• **Problem statement**
From the line that contains "Okay, how you" down to the last line of the entries, please return everything exactly, except the pictures.

• **Information provided**
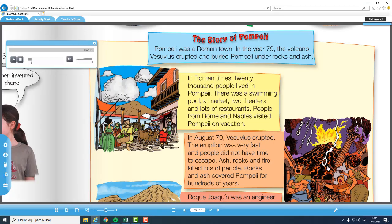En la página número 47 tenemos Activity Number 14, Listen and Read. Vamos a escuchar el audio acerca de la historia de Pompeii mientras vamos siguiendo la lectura. Pompeii was a Roman town. In the year 79, the volcano Vesuvius erupted and buried Pompeii under rocks and ash. In Roman times, 20,000 people lived in Pompeii. There was a swimming pool, a market, two theaters, and lots of restaurants. People from Rome and Naples visited Pompeii on vacation.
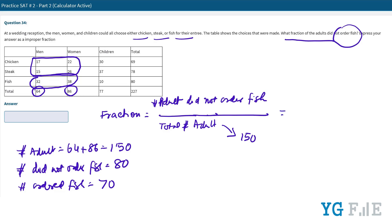Let us find the fraction, which is simply 80 divided by 150, which is 8 by 15. So the answer is 8 by 15. The fraction of adults who did not order fish is 8 by 15.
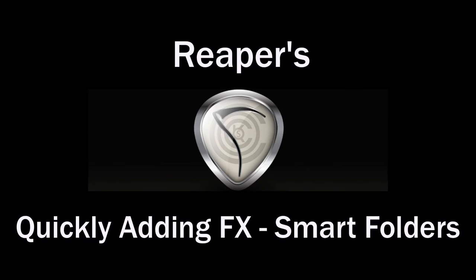Okay, how you doing? I'm Kenny Gioia. Welcome to another one more tutorials. In this tutorial, I'm going to show you how to quickly add effects in Reaper.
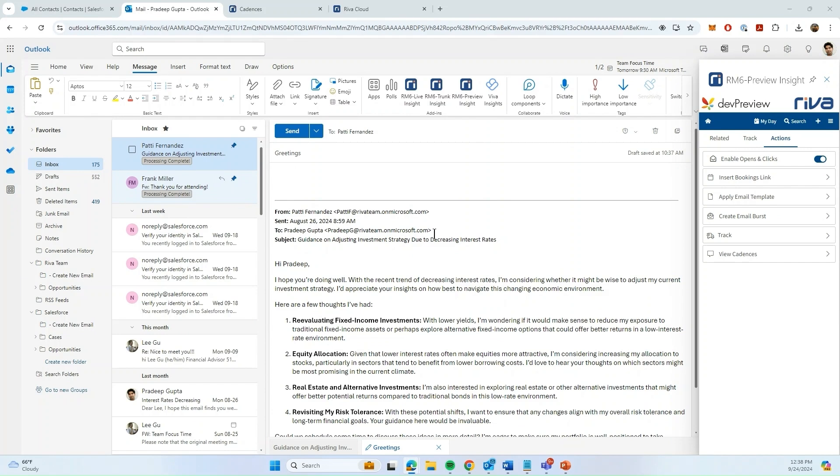On the screen, you can see that Paddy has sent me an email inquiring about how to navigate in a low interest rate environment. Because this is a common email I get, I already have an email template that I've created. So let me utilize the email template to send the response to Paddy.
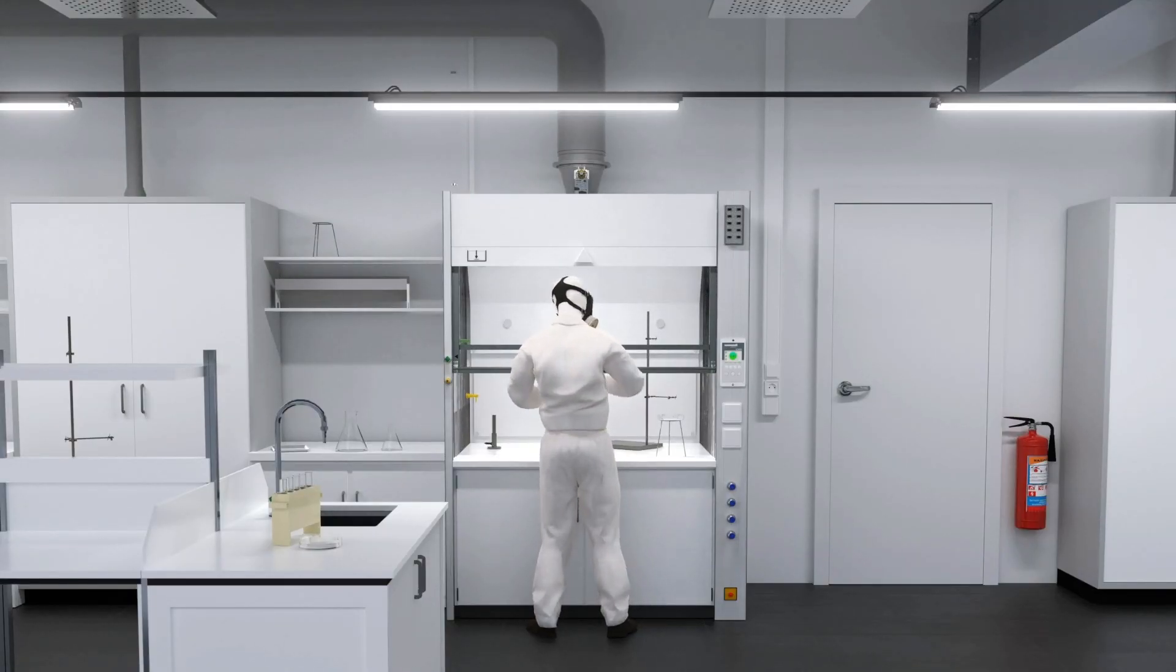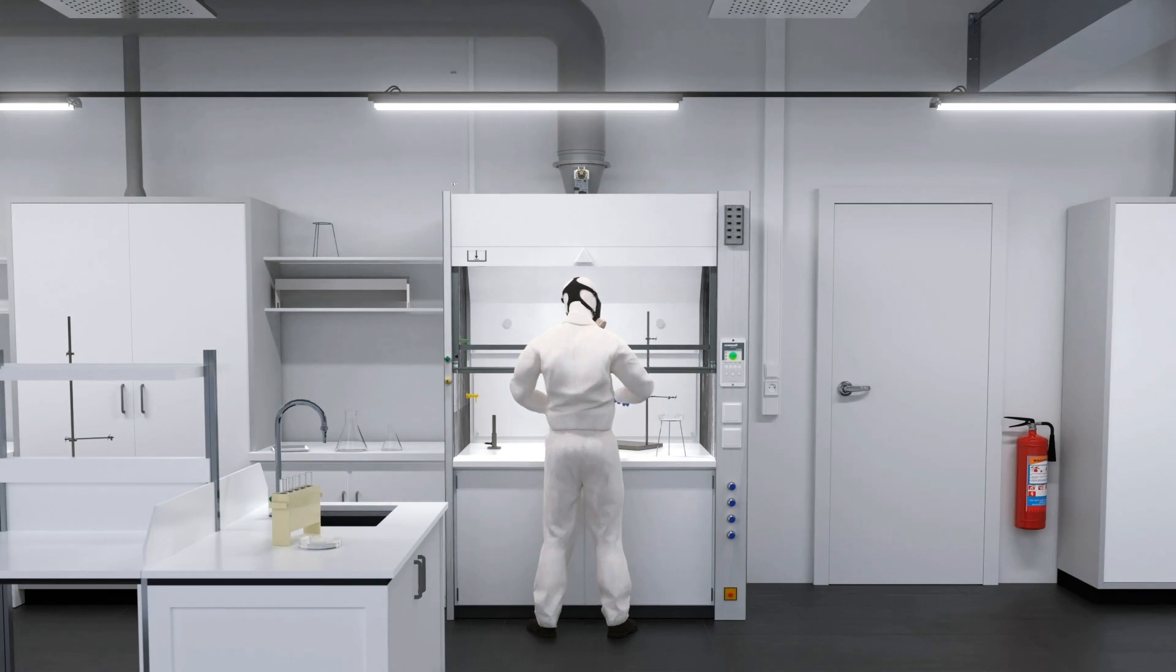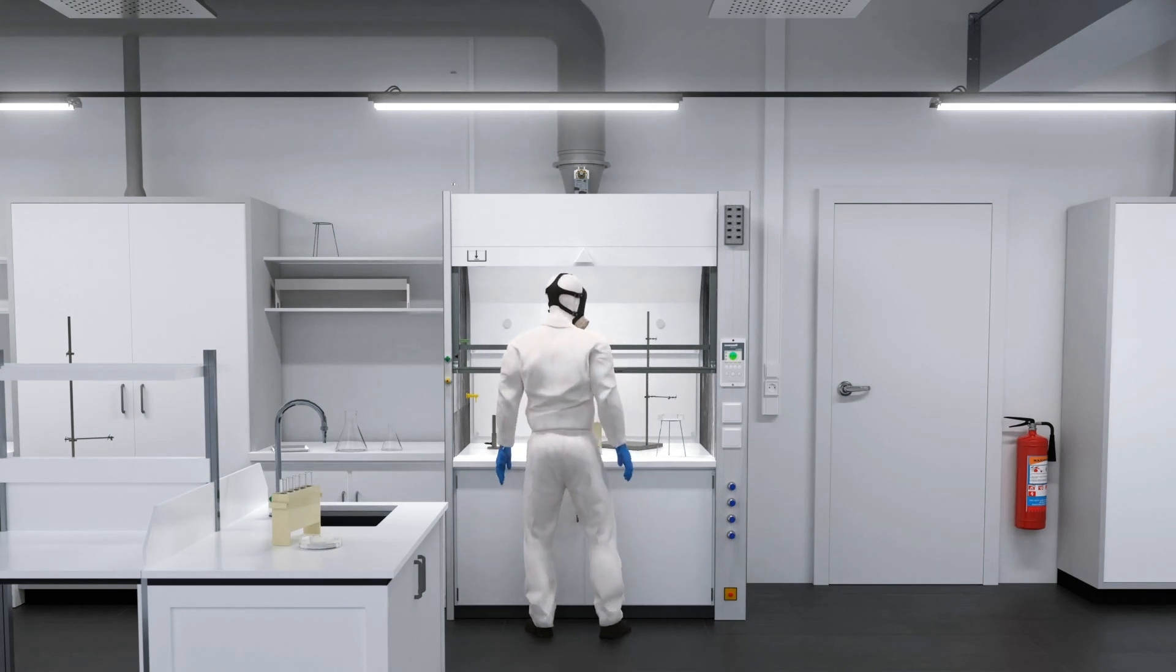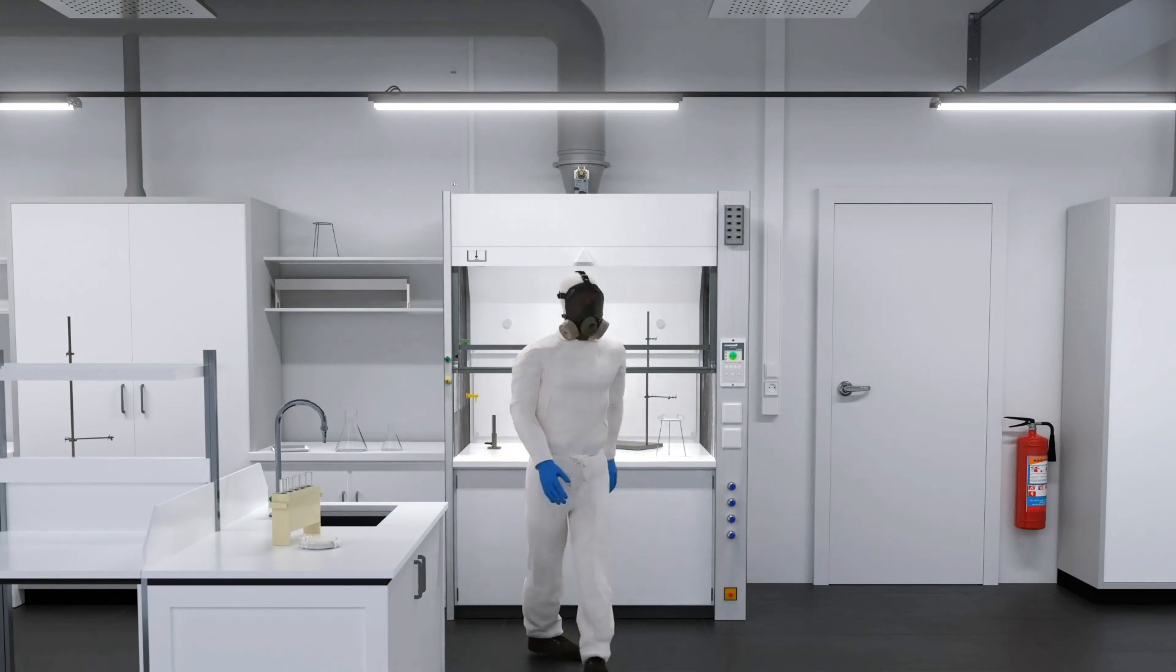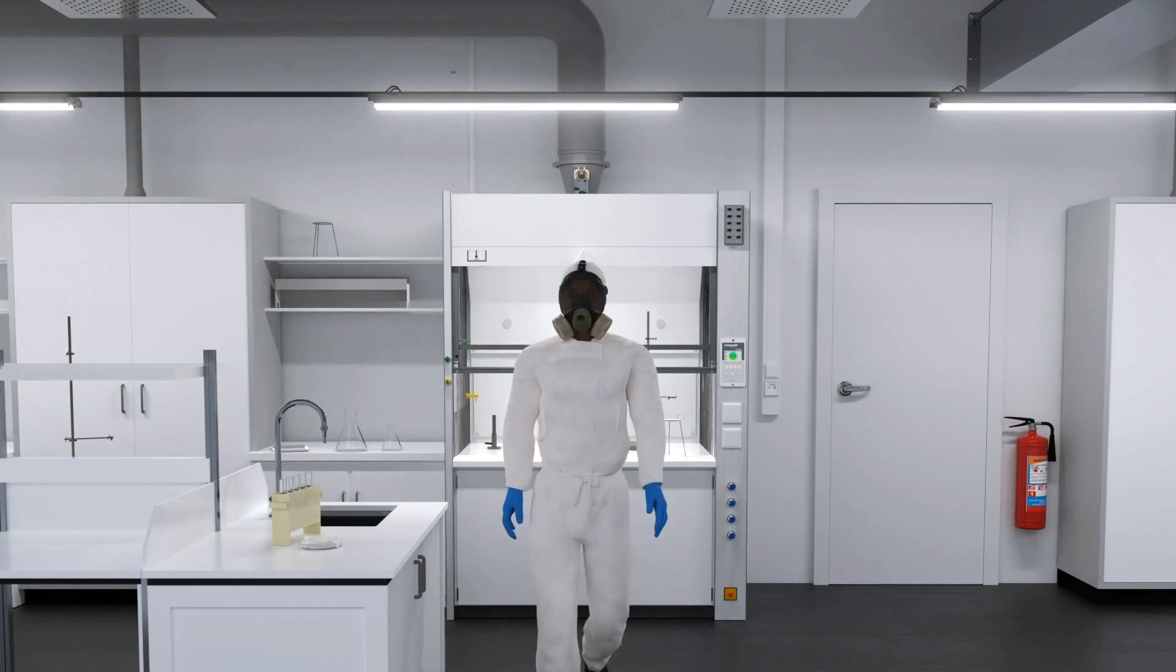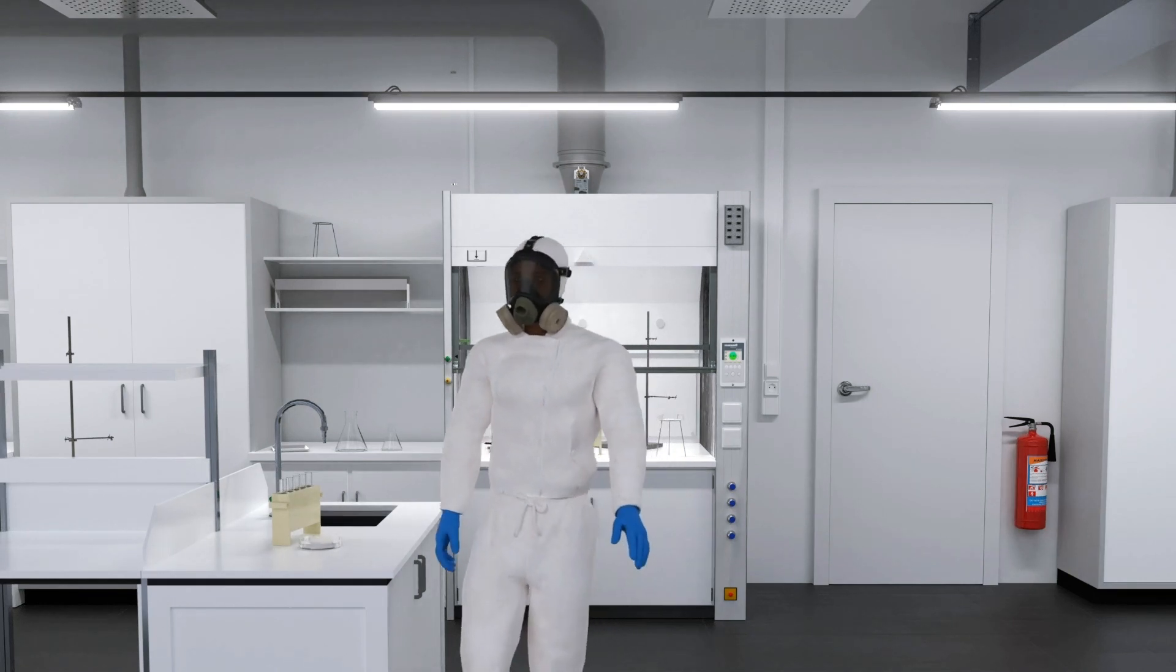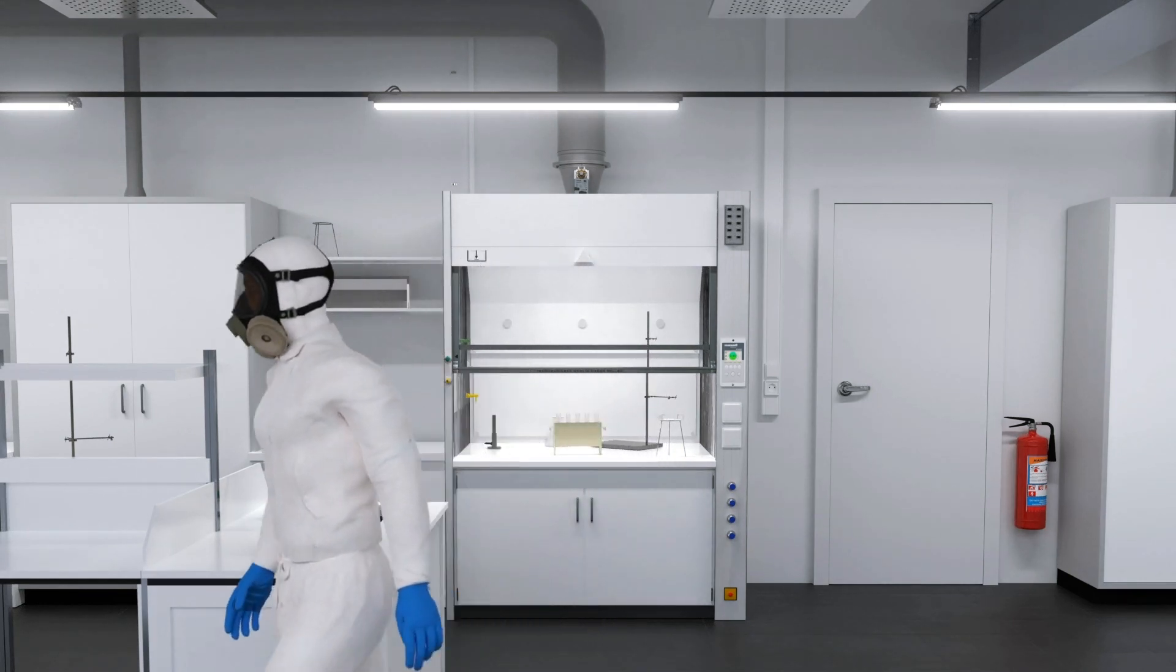For laboratories, the fume hood is an essential equipment to enable a secure and pleasant working environment, and it provides enough space for any type of laboratory instruments.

• **Response box**
Okay, how you doing? I'm Kenny Gioia. Welcome to another one more tutorials. In this tutorial, I'm going to show you how to quickly add effects in Reaper.
On the screen, you can see that Paddy has sent me an email inquiring about how to navigate in a low interest rate environment. Because this is a common email I get, I already have an email template that I've created. So let me utilize the email template to send the response to Paddy.
For laboratories, the fume hood is an essential equipment to enable a secure and pleasant working environment, and it provides enough space for any type of laboratory instruments.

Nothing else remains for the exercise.